The effective force observed in a rotating coordinate system is given by equation \((12.5.7)\).
1. What is the significance of each term in this expression?
2. Suppose you wanted to measure the gravitational force, both magnitude and direction, on a body of mass \(m\) at rest on the surface of the Earth. What terms in the effective force can be neglected?
3. Suppose you wanted to calculate the deflection of a projectile fired horizontally along the Earth’s surface. What terms in the effective force can be neglected?
4. Suppose you wanted to calculate the effective force on a small block of mass \(m\) placed on a frictionless turntable rotating with a time-dependent angular velocity \(\omega (t)\). What terms in the effective force can be neglected?
A plumb line is carried along in a moving train, with \(m\) the mass of the plumb bob. Neglect any effects due to the rotation of the Earth and work in the noninertial frame of reference of the train.
1. Find the tension in the cord and the deflection from the local vertical if the train is moving with constant acceleration \(a_0\).

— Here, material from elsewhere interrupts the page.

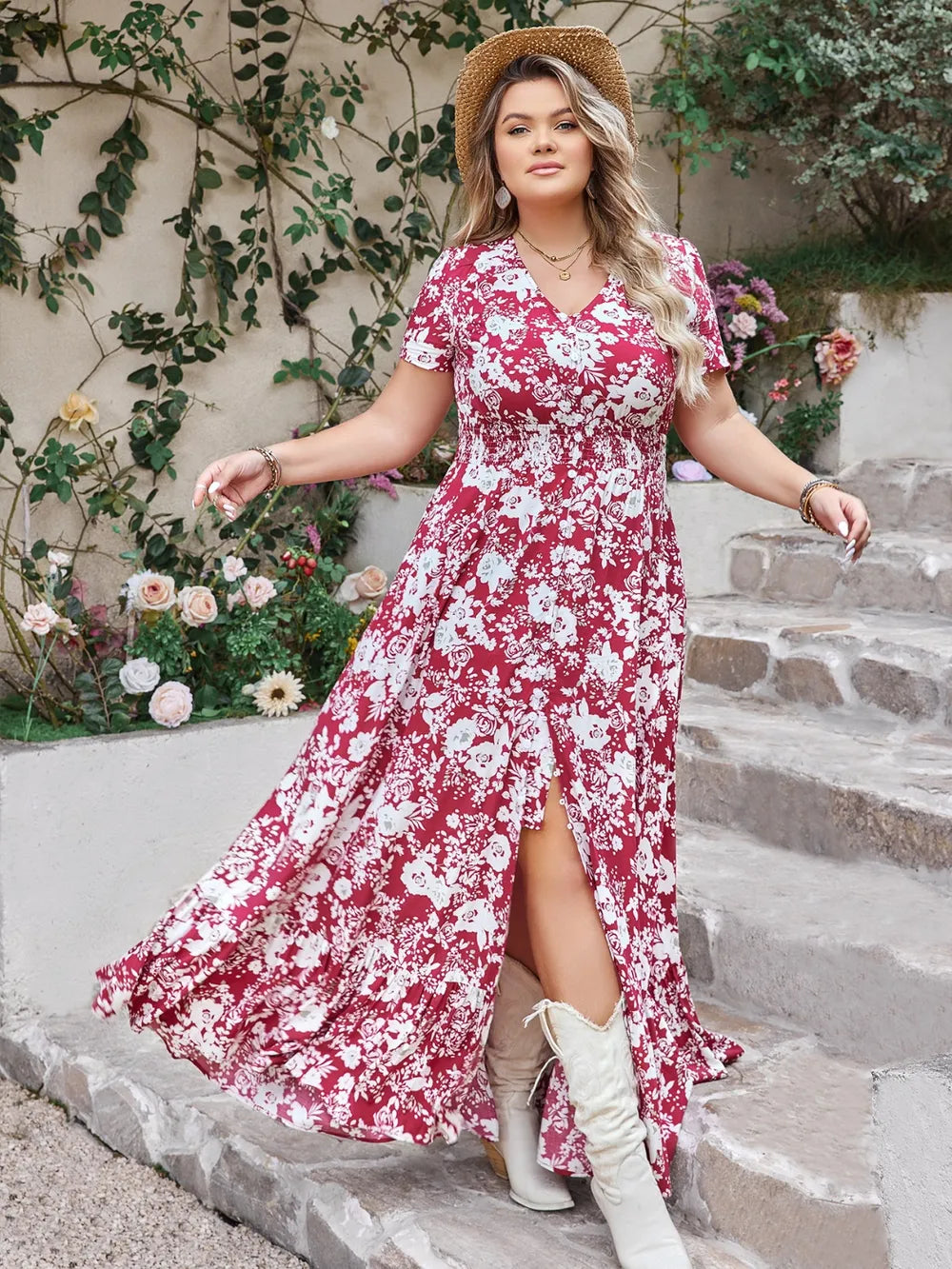 Plus Size Slit Printed V-Neck Maxi Dress - Glamourous Grace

2. Find the tension in the cord and the deflection from the local vertical if the train is rounding a curve of radius \(\rho\) with constant speed \(v_0\).
A bead on a rotating rod is free to slide without friction. The rod has a length \(L\) and rotates about its end with angular velocity \(\omega\). The bead is initially released from rest (relative to the rod) at the midpoint of the rod.

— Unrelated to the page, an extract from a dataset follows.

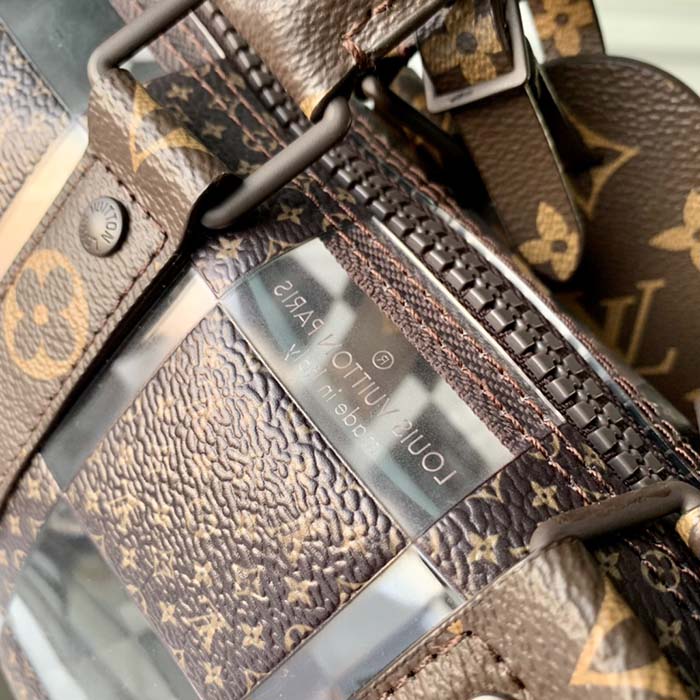 Louis Vuitton LV Unisex Keepall Bandoulière 25 Monogram Chess Coated Canvas PVC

1. Find the displacement of the bead along the wire as a function of time.
2. Find the time when the bead leaves the end of the rod.

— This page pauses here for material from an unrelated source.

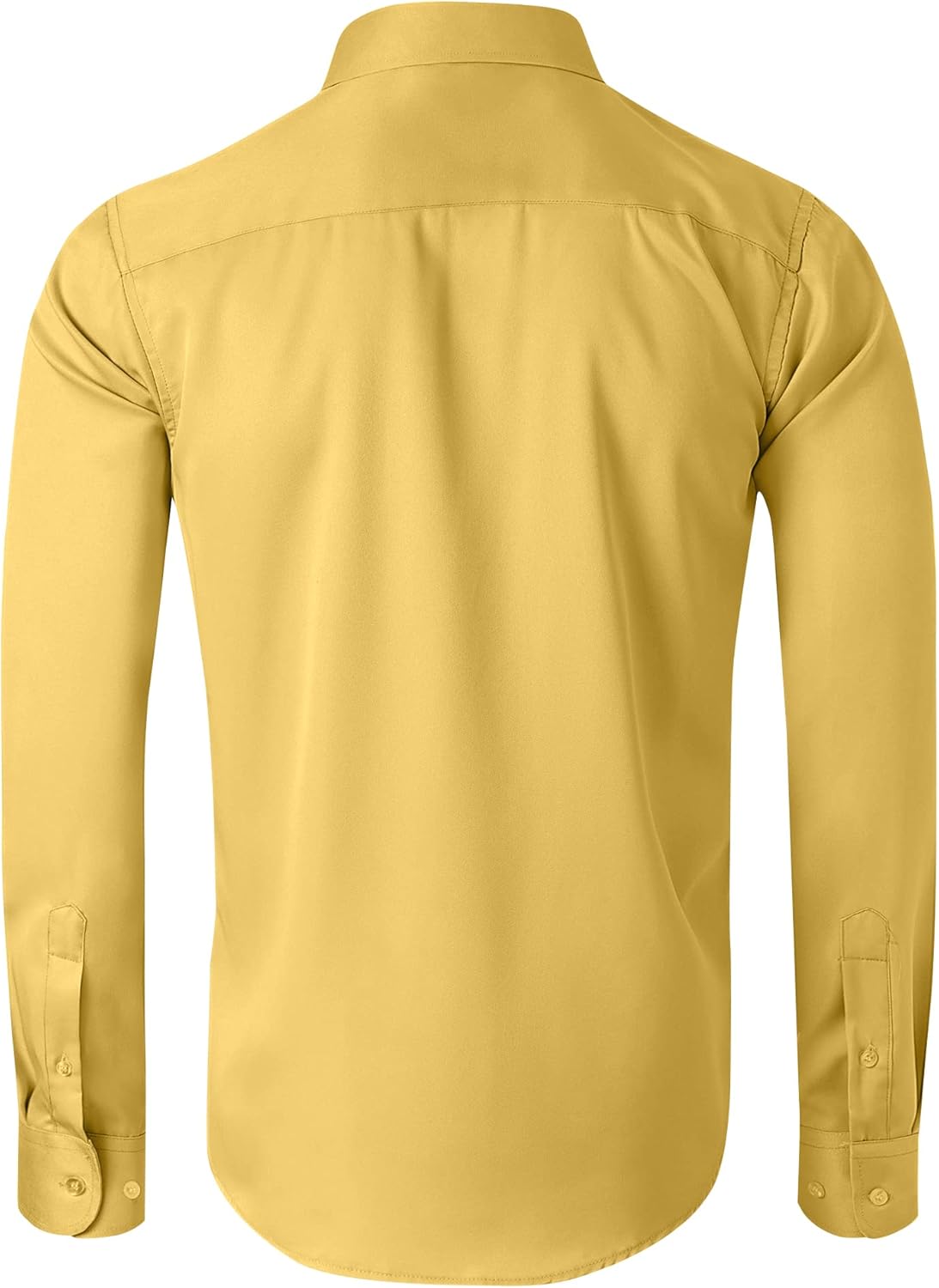 Alimens & Gentle Men's Dress Shirts Long Sleeve Wrinkle-Free Stretch Shirts Solid Formal Button Down Shirt with Pocket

3. Find the velocity (relative to the rod) of the bead when it leaves the end of the rod.
Here is a “thought experiment” for you to consider. Suppose you are in a small sailboat of mass \(M\) at the Earth’s equator. At the equator there is very little wind (this is known as the “equatorial doldrums”), so your sailboat is, more or less, sitting still. You have a small anchor of mass \(m\) on deck and a single mast of height \(h\) in the middle of the boat. How can you use the anchor to put the boat into motion? In which direction will the boat move?
Does water really flow in the other direction when you flush a toilet in the southern hemisphere? What (if anything) does the Coriolis force have to do with this?
We are presently at a latitude \(\lambda\) (with respect to the equator) and Earth is rotating with constant angular velocity \(\omega\). Consider the following two scenarios: Scenario A: A particle is thrown upward with initial speed \(v_0\). Scenario B: An identical particle is dropped (at rest) from the maximum height of the particle in Scenario A. Circle all the true statements regarding the Coriolis deflection assuming that the particles have landed for a) and b), .
1. (a) The magnitude is greater in A than in B.
2. (b) The direction in A and B are the same.
3. (c) The direction in A does not change throughout flight.
If a projectile is fired due east from a point on the surface of the Earth at a northern latitude \(\lambda\) with a velocity of magnitude \(V_0\) and at an inclination to the horizontal of \(\alpha\), show that the lateral deflection when the projectile strikes the Earth is
\[d = \frac{4V^3_0}{g^2} \omega \sin \lambda \sin^2 \alpha \cos \alpha\]

where \(\omega\) is the rotation frequency of the Earth.
Obtain an expression for the angular deviation of a particle projected from the North Pole in a path that lies close to the surface of the earth. Is the deviation significant for a missile that makes a 4800-km flight in 10 minutes? What is the ”miss distance” if the missile is aimed directly at the target? Is the miss difference greater for a 19300-km flight at the same velocity?
An automobile drag racer drives a car with acceleration \(a\) and instantaneous velocity \(v\). The tires of radius \(r_0\) are not slipping. Derive which point on the tire has the greatest acceleration relative to the ground. What is this acceleration?
Shot towers were popular in the eighteenth and nineteenth centuries for dropping melted lead down tall towers to form spheres for bullets. The lead solidified while falling and often landed in water to cool the lead bullets. Many such shot towers were built in New York State. Assume a shot tower was constructed at latitude \(42^{\circ}\) \(N\), and that the lead fell a distance of \(27\) \(m\). In what direction and by how far did the lead bullets land from the direct vertical?